The answer must be an exact printing of every record below, with the pictures omitted.

======== Supplied data ========

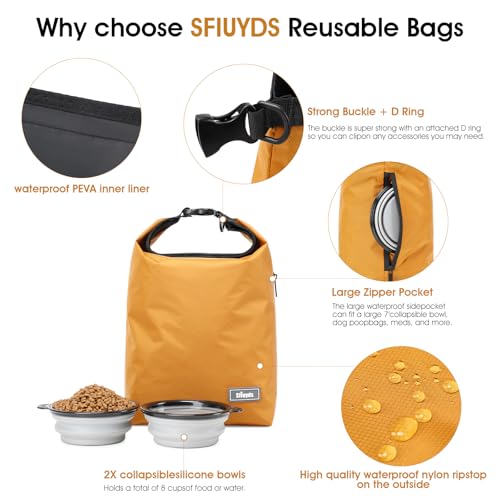 Pet Food Storage Dog Food Travel Container with 2PCS Collapsible Dog Travel Bowls Waterproof Kibble Storage Bag (Yellow / 12L)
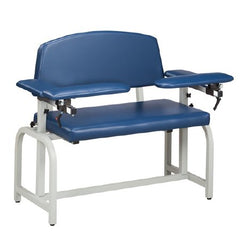 Clinton Industries Blood Drawing Chair Lab X Series Padded Flip Up Arm Royal Blue
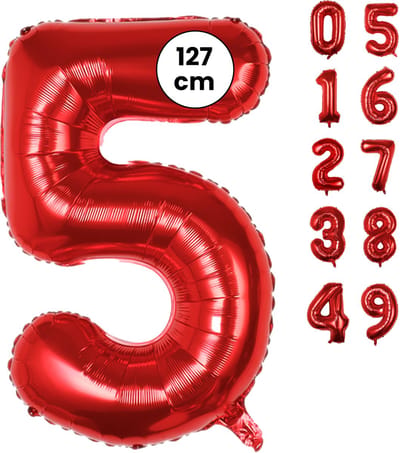Fienosa Cijfer Ballonnen nummer 5 - Rood - 127 cm - XXL Groot - Helium Ballon - Verjaardag Ballon - Leeftijd verjaardag - Verjaardagsballon - Verjaardag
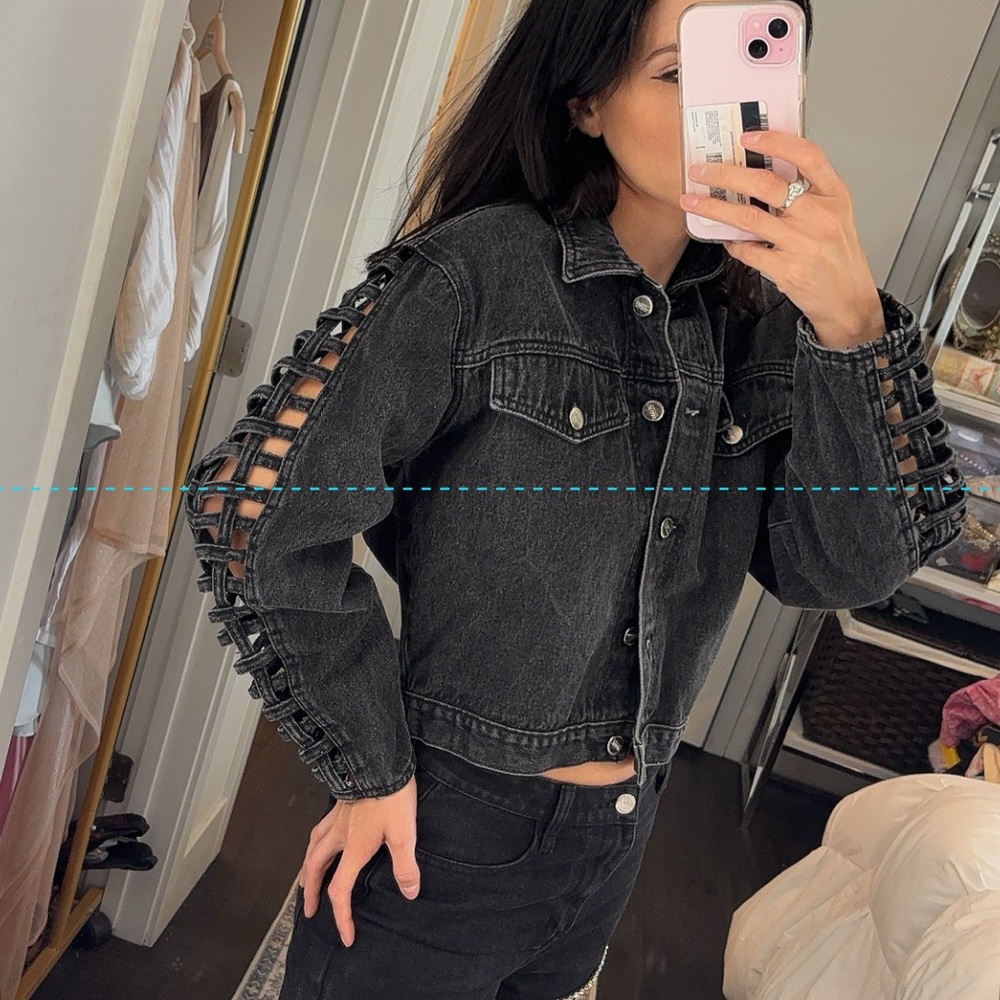 Chic Black Woven Heart Jean Jacket - Picture 5 of 6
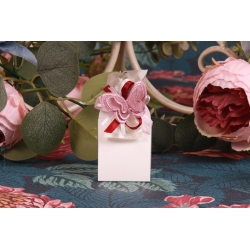 Papillon rose Iris blanche
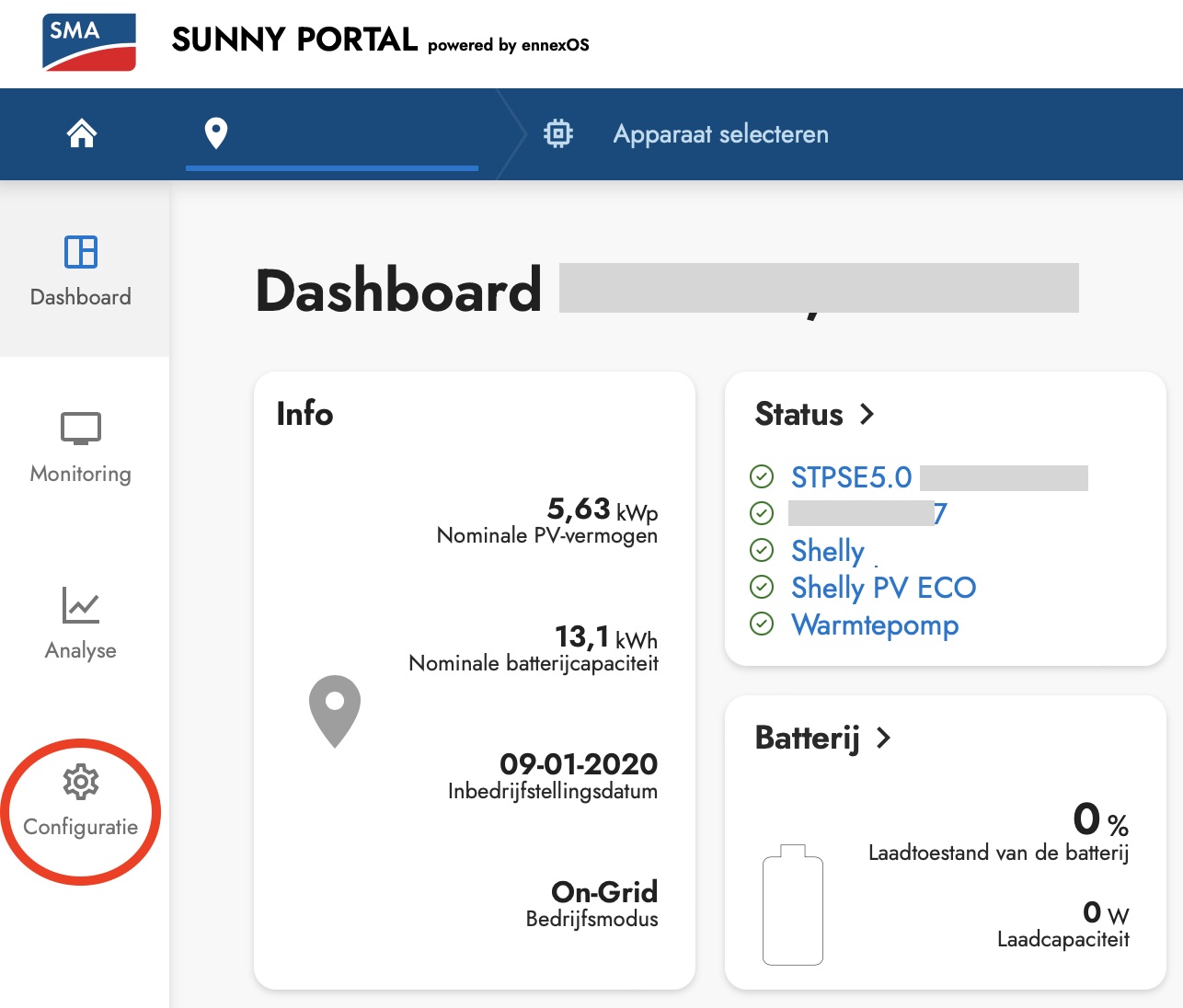 configuratie klikken
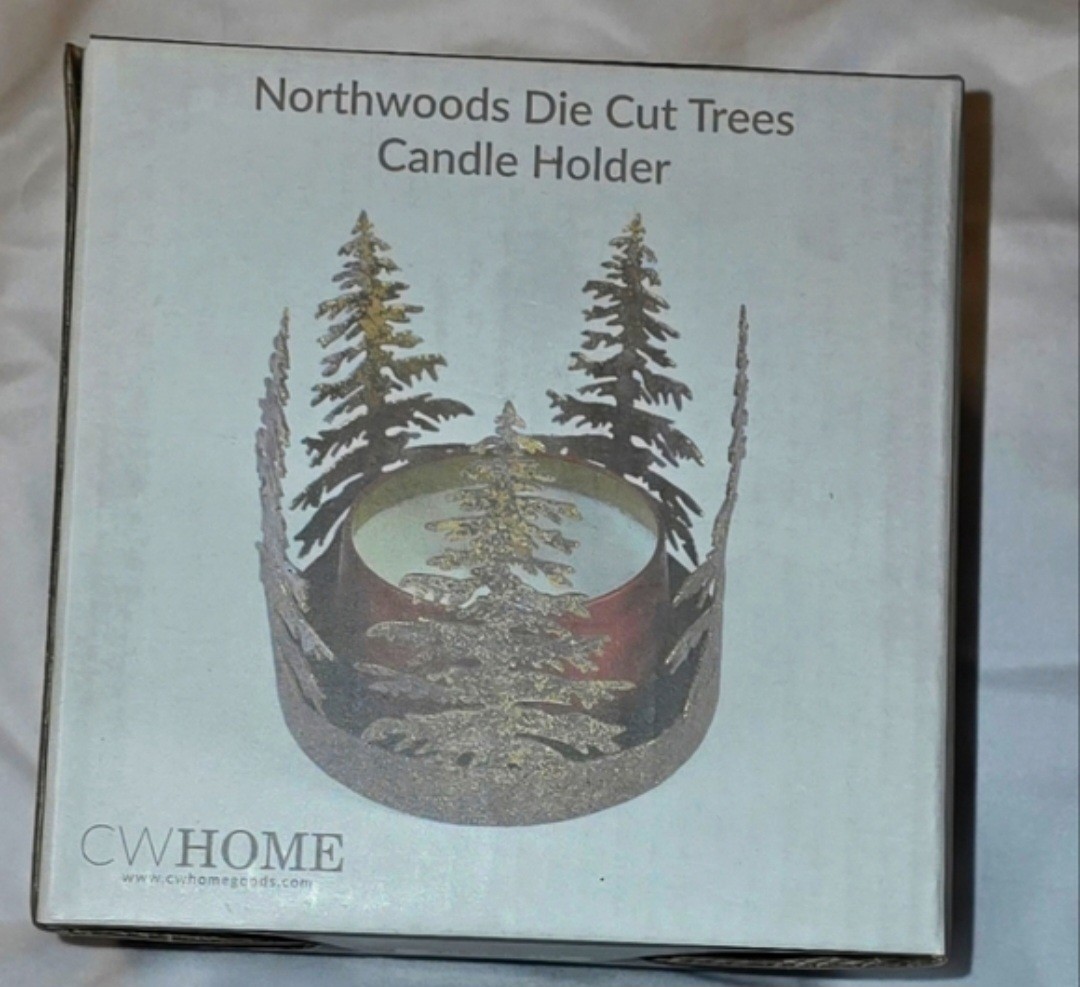 Northwoods Die Cut Trees Candle Holder CW Home Gold Finish 4.5 x 4.5 in New
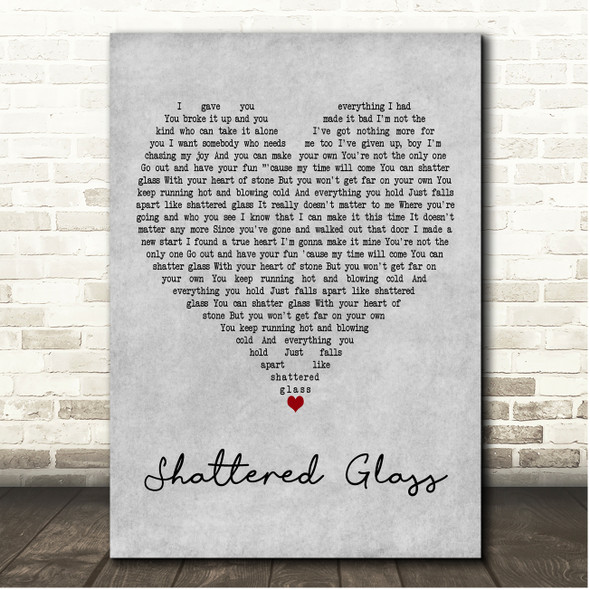 Laura Branigan Shattered Glass Grey Heart Song Lyric Print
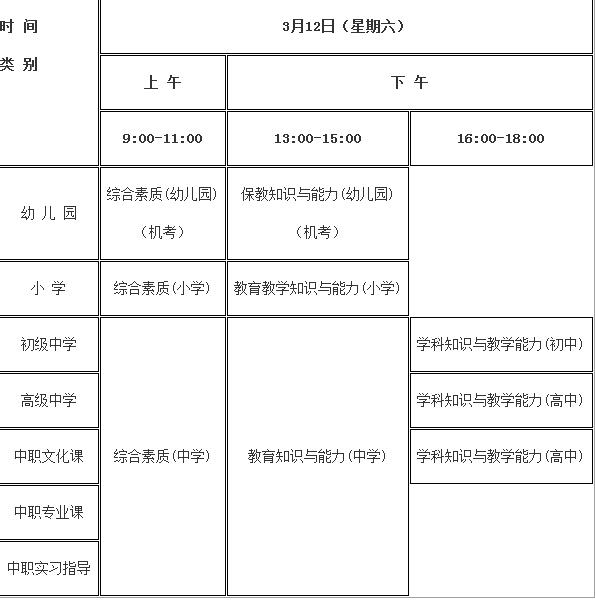 2016年上半年中小学教师资格考试笔试日程安排表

========

= Task result =
 Pet Food Storage Dog Food Travel Container with 2PCS Collapsible Dog Travel Bowls Waterproof Kibble Storage Bag (Yellow / 12L)
 Clinton Industries Blood Drawing Chair Lab X Series Padded Flip Up Arm Royal Blue
Fienosa Cijfer Ballonnen nummer 5 - Rood - 127 cm - XXL Groot - Helium Ballon - Verjaardag Ballon - Leeftijd verjaardag - Verjaardagsballon - Verjaardag
 Chic Black Woven Heart Jean Jacket - Picture 5 of 6
 Papillon rose Iris blanche
 configuratie klikken
 Northwoods Die Cut Trees Candle Holder CW Home Gold Finish 4.5 x 4.5 in New
 Laura Branigan Shattered Glass Grey Heart Song Lyric Print
 2016年上半年中小学教师资格考试笔试日程安排表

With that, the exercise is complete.